● **What the exercise asks**
Produce as output only the lines below starting at the line with "Las Vegas Dining" and continuing through the line with "Eischoll to Paudex map", each one exactly as written.

● **Data listing**
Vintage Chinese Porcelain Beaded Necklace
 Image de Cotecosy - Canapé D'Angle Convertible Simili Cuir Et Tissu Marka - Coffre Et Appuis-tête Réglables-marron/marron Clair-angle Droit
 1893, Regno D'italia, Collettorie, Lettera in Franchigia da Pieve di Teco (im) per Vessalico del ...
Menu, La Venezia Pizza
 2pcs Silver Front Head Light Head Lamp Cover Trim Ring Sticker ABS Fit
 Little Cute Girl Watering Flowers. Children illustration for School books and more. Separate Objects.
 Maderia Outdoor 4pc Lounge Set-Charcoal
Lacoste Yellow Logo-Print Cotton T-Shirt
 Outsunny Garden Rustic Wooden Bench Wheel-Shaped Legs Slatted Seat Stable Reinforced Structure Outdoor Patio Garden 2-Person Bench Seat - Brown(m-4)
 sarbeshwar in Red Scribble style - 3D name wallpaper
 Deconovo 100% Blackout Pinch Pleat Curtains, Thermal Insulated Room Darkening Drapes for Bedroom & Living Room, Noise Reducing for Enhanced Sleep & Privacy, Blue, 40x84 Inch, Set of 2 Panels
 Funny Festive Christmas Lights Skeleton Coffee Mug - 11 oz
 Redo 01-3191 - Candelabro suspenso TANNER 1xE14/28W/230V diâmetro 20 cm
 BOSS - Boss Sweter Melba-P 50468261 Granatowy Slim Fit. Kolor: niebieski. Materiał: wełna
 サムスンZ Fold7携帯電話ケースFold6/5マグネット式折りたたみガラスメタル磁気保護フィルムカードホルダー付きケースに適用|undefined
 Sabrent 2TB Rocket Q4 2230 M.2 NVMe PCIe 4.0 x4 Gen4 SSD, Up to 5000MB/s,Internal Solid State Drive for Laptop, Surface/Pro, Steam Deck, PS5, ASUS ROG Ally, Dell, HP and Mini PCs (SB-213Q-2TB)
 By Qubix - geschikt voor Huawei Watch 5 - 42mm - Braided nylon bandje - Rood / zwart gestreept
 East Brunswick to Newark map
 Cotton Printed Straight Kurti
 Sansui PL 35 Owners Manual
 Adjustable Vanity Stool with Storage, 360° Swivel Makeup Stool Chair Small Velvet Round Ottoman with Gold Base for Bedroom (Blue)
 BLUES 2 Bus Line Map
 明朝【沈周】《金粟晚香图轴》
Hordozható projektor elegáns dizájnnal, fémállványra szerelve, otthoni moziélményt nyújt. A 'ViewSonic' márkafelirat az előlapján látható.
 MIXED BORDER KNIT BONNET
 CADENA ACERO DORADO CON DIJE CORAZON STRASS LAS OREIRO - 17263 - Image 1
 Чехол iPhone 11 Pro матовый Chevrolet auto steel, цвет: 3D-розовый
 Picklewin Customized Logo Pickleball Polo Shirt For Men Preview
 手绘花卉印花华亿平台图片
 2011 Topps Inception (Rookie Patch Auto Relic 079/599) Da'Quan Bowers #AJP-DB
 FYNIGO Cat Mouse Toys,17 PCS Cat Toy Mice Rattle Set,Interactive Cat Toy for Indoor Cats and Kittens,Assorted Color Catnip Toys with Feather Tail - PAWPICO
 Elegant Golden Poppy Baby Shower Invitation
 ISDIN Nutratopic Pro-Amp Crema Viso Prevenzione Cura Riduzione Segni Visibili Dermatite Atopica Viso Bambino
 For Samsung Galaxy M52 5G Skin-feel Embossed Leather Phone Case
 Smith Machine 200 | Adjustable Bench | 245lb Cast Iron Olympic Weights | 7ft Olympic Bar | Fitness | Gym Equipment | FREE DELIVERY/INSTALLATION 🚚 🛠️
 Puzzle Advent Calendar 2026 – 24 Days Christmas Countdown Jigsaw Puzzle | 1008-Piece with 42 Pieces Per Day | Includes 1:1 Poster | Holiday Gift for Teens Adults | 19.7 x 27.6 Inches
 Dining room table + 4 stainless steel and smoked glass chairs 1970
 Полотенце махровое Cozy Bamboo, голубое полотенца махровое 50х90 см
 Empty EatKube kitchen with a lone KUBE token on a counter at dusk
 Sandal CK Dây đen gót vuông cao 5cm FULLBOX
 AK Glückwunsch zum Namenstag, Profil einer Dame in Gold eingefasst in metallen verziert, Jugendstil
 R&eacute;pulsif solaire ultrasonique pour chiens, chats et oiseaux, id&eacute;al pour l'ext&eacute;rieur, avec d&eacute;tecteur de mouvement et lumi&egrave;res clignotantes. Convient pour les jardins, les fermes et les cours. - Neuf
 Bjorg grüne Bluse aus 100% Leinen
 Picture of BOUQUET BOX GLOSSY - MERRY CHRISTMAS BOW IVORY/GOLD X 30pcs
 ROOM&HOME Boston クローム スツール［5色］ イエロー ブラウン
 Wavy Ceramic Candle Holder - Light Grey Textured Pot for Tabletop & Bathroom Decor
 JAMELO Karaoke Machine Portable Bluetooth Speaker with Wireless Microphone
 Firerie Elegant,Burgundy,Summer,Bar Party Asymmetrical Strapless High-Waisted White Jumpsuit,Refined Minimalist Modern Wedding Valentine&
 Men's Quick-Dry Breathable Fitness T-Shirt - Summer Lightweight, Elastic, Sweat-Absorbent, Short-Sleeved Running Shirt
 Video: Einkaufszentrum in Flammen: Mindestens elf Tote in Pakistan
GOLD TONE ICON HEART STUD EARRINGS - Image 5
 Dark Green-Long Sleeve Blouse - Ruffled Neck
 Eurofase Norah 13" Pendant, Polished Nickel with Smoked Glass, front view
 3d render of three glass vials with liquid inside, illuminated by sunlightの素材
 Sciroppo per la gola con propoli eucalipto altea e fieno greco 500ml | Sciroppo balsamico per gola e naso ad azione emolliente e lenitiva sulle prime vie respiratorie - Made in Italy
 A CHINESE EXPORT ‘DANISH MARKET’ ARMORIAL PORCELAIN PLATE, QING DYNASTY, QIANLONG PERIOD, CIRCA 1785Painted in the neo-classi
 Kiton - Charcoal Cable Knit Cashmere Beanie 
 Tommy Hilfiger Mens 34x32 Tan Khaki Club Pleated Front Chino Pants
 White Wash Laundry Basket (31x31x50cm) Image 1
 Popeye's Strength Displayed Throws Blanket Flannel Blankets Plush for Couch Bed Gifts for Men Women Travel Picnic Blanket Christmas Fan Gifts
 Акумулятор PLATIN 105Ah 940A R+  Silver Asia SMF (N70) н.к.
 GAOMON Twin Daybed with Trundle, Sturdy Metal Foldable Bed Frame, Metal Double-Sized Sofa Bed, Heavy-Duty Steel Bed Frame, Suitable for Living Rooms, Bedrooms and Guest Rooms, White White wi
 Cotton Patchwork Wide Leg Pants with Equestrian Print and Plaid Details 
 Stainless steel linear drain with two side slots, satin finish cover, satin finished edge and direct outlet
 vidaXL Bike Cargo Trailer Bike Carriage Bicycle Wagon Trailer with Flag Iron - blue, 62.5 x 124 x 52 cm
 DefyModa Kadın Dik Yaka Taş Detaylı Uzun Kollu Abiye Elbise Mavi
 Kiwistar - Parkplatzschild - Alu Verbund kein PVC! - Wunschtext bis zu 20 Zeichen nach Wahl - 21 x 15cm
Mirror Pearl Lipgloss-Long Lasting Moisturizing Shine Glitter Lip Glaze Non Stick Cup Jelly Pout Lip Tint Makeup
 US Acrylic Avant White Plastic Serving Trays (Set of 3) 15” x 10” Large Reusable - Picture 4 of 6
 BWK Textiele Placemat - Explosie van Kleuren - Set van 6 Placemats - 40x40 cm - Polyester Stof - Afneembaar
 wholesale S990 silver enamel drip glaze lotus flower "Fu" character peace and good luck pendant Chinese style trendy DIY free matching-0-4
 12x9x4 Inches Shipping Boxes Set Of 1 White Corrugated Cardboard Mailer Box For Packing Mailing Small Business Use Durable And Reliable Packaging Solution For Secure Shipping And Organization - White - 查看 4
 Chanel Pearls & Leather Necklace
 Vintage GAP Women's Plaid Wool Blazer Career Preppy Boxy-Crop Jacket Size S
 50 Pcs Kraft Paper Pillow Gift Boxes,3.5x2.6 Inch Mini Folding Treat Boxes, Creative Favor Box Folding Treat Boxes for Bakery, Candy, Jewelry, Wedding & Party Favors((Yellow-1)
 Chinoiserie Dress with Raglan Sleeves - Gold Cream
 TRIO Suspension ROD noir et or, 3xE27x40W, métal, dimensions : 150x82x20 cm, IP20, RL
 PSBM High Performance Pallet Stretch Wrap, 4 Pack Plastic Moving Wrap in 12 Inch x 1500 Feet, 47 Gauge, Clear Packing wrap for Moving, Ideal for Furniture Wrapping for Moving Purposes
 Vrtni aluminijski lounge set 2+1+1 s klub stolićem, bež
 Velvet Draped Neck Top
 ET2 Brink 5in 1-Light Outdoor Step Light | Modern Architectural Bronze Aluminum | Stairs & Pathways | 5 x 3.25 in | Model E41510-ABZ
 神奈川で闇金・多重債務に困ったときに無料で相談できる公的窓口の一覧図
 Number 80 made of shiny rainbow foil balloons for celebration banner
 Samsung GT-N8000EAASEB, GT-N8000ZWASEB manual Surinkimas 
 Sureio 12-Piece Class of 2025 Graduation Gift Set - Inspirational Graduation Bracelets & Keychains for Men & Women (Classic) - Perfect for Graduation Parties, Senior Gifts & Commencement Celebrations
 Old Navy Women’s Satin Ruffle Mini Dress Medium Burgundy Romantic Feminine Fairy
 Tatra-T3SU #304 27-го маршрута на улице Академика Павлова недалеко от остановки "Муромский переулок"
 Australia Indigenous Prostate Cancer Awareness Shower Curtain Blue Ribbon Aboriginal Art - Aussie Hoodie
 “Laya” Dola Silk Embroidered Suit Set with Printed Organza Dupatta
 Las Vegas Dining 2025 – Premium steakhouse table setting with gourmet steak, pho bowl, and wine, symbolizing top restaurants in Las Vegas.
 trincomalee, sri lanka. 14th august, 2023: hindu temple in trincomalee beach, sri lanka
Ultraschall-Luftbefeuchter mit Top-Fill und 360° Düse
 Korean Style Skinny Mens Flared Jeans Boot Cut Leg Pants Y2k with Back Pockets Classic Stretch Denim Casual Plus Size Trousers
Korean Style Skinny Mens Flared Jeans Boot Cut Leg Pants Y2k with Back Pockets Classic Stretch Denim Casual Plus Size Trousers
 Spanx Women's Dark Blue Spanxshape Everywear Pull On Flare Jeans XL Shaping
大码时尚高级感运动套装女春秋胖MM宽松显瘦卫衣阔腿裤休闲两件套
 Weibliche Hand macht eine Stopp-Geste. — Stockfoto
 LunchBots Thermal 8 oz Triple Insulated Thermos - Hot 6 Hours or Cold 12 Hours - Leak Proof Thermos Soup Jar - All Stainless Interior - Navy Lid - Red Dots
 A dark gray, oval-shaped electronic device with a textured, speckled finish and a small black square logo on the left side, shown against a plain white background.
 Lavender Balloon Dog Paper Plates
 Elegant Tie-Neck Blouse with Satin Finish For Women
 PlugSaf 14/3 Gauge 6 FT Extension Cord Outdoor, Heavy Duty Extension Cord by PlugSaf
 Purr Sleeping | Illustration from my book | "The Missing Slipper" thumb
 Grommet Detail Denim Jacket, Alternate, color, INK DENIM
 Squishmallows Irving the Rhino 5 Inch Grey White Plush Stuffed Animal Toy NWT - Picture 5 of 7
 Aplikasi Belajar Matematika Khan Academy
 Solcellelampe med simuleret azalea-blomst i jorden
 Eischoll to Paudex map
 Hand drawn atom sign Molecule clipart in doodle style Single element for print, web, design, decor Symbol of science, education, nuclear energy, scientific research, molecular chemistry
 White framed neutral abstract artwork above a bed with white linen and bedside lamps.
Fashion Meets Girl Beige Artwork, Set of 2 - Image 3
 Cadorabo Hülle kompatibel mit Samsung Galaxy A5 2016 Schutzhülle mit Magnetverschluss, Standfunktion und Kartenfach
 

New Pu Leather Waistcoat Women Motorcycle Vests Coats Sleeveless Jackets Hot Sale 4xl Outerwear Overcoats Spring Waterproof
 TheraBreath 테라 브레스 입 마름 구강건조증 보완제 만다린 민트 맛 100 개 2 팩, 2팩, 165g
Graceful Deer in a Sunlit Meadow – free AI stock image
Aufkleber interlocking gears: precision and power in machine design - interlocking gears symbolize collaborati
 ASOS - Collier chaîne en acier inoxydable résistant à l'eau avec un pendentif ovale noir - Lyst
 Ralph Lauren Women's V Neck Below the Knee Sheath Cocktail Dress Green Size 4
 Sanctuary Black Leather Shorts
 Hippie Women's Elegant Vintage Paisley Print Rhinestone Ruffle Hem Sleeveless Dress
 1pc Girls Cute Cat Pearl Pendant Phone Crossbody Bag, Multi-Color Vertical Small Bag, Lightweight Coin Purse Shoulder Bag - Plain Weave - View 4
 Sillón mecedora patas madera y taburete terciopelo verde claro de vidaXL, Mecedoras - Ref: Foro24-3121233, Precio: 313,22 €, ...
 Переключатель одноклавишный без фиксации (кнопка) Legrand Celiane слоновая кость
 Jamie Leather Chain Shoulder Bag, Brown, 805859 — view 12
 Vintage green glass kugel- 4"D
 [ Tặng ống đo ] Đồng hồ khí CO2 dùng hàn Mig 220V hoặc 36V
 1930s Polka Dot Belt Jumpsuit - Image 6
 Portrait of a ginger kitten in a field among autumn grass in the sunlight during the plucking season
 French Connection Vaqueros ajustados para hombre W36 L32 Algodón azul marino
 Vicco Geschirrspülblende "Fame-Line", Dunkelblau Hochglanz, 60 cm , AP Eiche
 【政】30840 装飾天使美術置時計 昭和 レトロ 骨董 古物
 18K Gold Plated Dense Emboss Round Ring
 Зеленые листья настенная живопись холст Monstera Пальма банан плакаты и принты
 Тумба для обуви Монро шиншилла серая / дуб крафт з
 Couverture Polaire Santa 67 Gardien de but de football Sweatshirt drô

● **Solution to this task**
 Las Vegas Dining 2025 – Premium steakhouse table setting with gourmet steak, pho bowl, and wine, symbolizing top restaurants in Las Vegas.
 trincomalee, sri lanka. 14th august, 2023: hindu temple in trincomalee beach, sri lanka
Ultraschall-Luftbefeuchter mit Top-Fill und 360° Düse
 Korean Style Skinny Mens Flared Jeans Boot Cut Leg Pants Y2k with Back Pockets Classic Stretch Denim Casual Plus Size Trousers
Korean Style Skinny Mens Flared Jeans Boot Cut Leg Pants Y2k with Back Pockets Classic Stretch Denim Casual Plus Size Trousers
 Spanx Women's Dark Blue Spanxshape Everywear Pull On Flare Jeans XL Shaping
大码时尚高级感运动套装女春秋胖MM宽松显瘦卫衣阔腿裤休闲两件套
 Weibliche Hand macht eine Stopp-Geste. — Stockfoto
 LunchBots Thermal 8 oz Triple Insulated Thermos - Hot 6 Hours or Cold 12 Hours - Leak Proof Thermos Soup Jar - All Stainless Interior - Navy Lid - Red Dots
 A dark gray, oval-shaped electronic device with a textured, speckled finish and a small black square logo on the left side, shown against a plain white background.
 Lavender Balloon Dog Paper Plates
 Elegant Tie-Neck Blouse with Satin Finish For Women
 PlugSaf 14/3 Gauge 6 FT Extension Cord Outdoor, Heavy Duty Extension Cord by PlugSaf
 Purr Sleeping | Illustration from my book | "The Missing Slipper" thumb
 Grommet Detail Denim Jacket, Alternate, color, INK DENIM
 Squishmallows Irving the Rhino 5 Inch Grey White Plush Stuffed Animal Toy NWT - Picture 5 of 7
 Aplikasi Belajar Matematika Khan Academy
 Solcellelampe med simuleret azalea-blomst i jorden
 Eischoll to Paudex map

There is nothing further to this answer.